Any purported ontology of computation that doesn’t treat as fundamental the fact that objects (or data of any kind) don’t just float around in a big flat undifferentiated space, but are always placed in a complex landscape of interleaving, interpenetrating scopes, is missing an entire dimension of structure that is, I would argue, at least as important as the structure expressed through classes or APIs. There is a perspective from which an object is just a big heavy bundle of closures, a monad (in the Leibnitzian rather than category-theoretical sense) formed out of folds; and from within that perspective you can see that there exist other things which are not objects at all, or not at all in the same sense. (I know there are languages which model closures as “function objects”, and shame on you).
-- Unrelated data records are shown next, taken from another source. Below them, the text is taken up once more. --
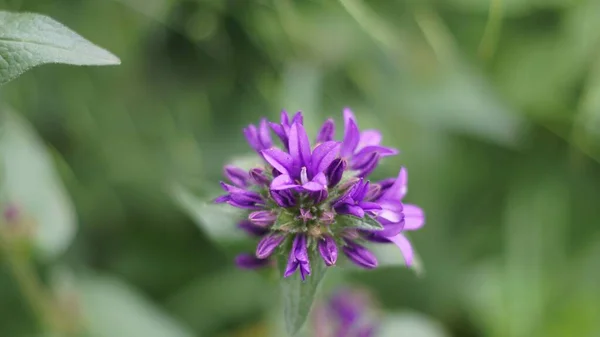 Poziome Zbliżenie Strzał Piękny Purpurowy Psoralea Kwiat Zielonym Tle — Zdjęcie stockowe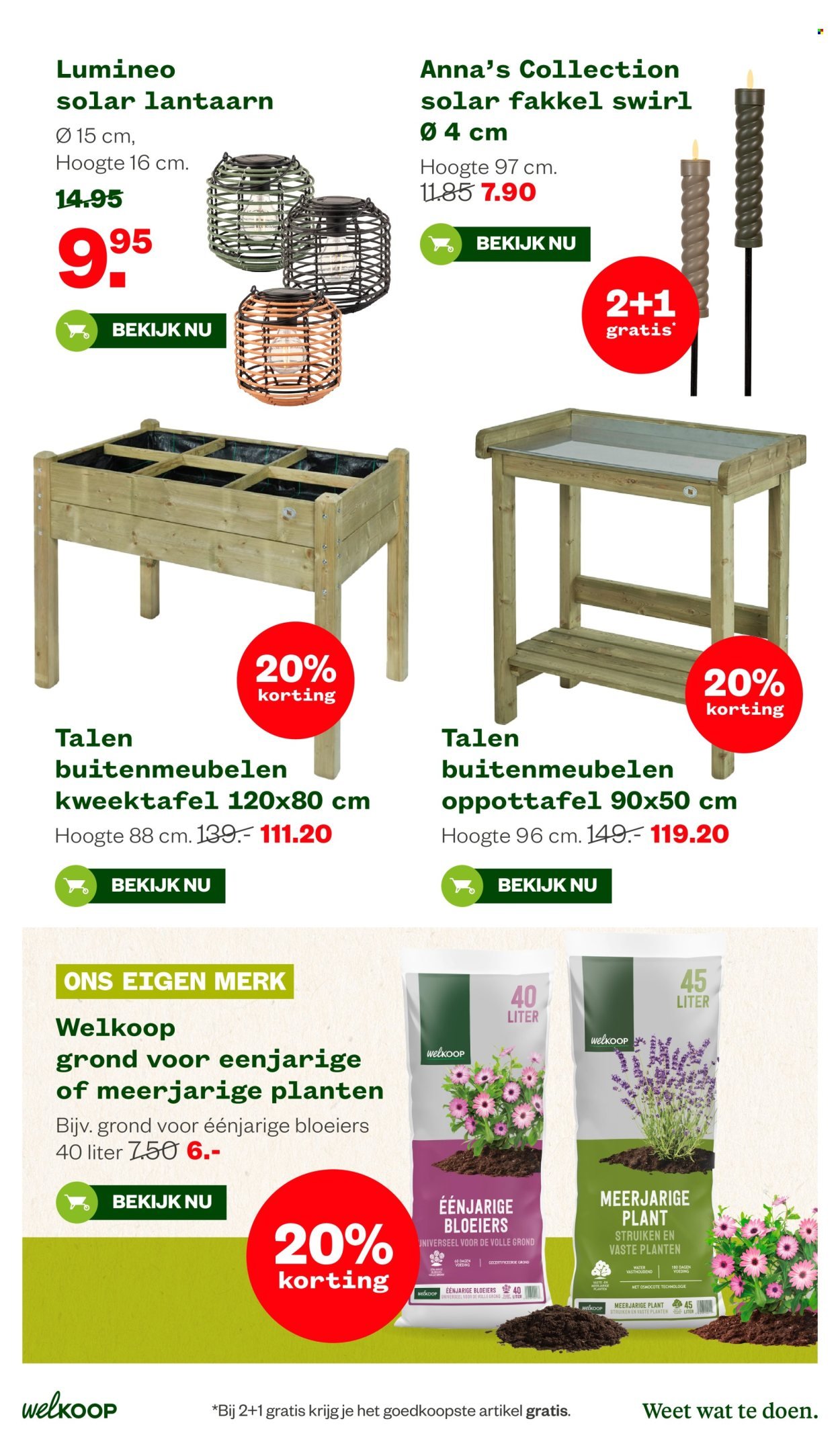 WELKOOP folder - Van maandag 8 juni 2026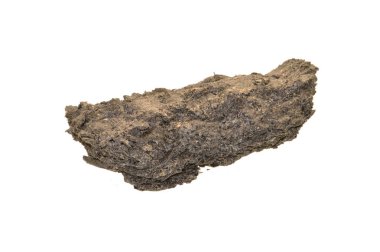 ezilmiş ayçiçeği tohumları beyaz arka planda izole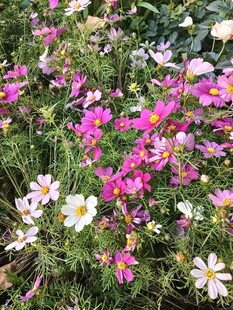 缤纷格桑花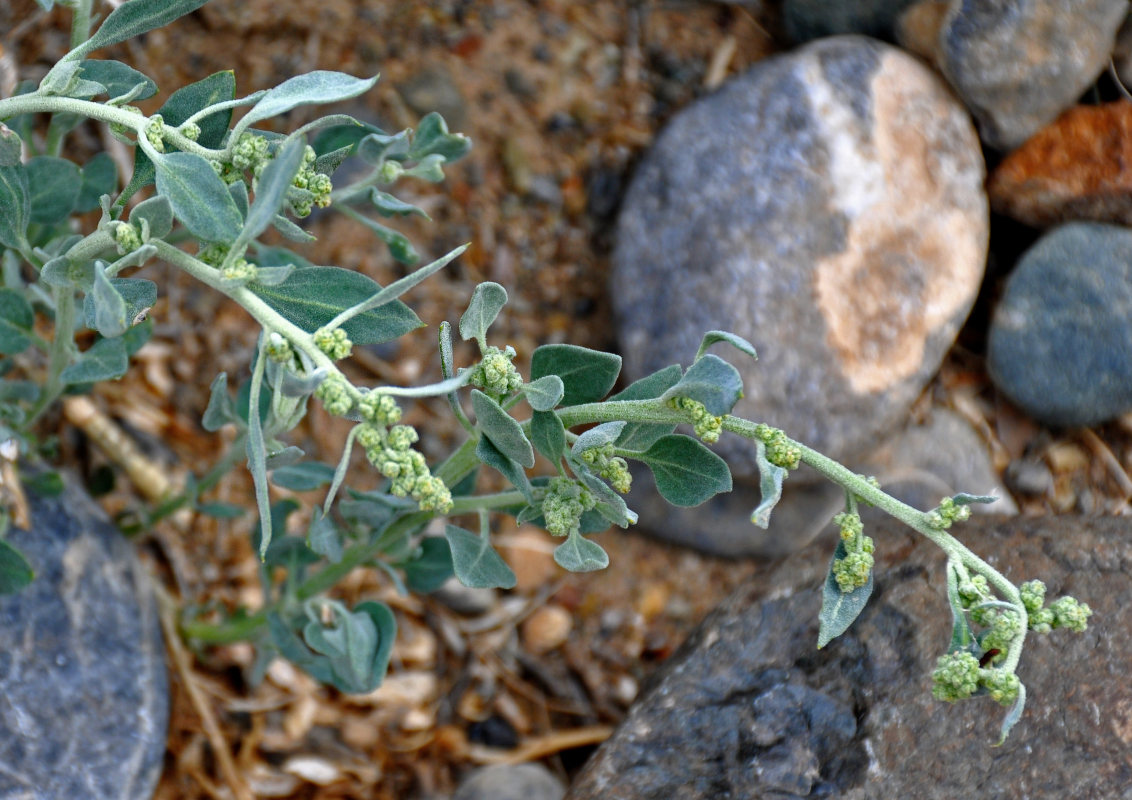 Image of Chenopodium frutescens specimen.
It doesn’t suit the narrative of a certain attempted politicisation of software, which crudely maps “objects” onto the abstract units specified by the commodity form, to consider how the pattern-thinking of software developers actually works, because that thinking departs very quickly from the “type-of-thing X in the business domain maps to class X in my class hierarchy” model as soon as a system becomes anything other than a glorified inventory. Perhaps my real point is that capitalism isn’t that simple either. If you want a sense of where both capitalism and software are going, you would perhaps do better to start by studying the LMAX Disruptor, or the OCaml of Jane Street Capital.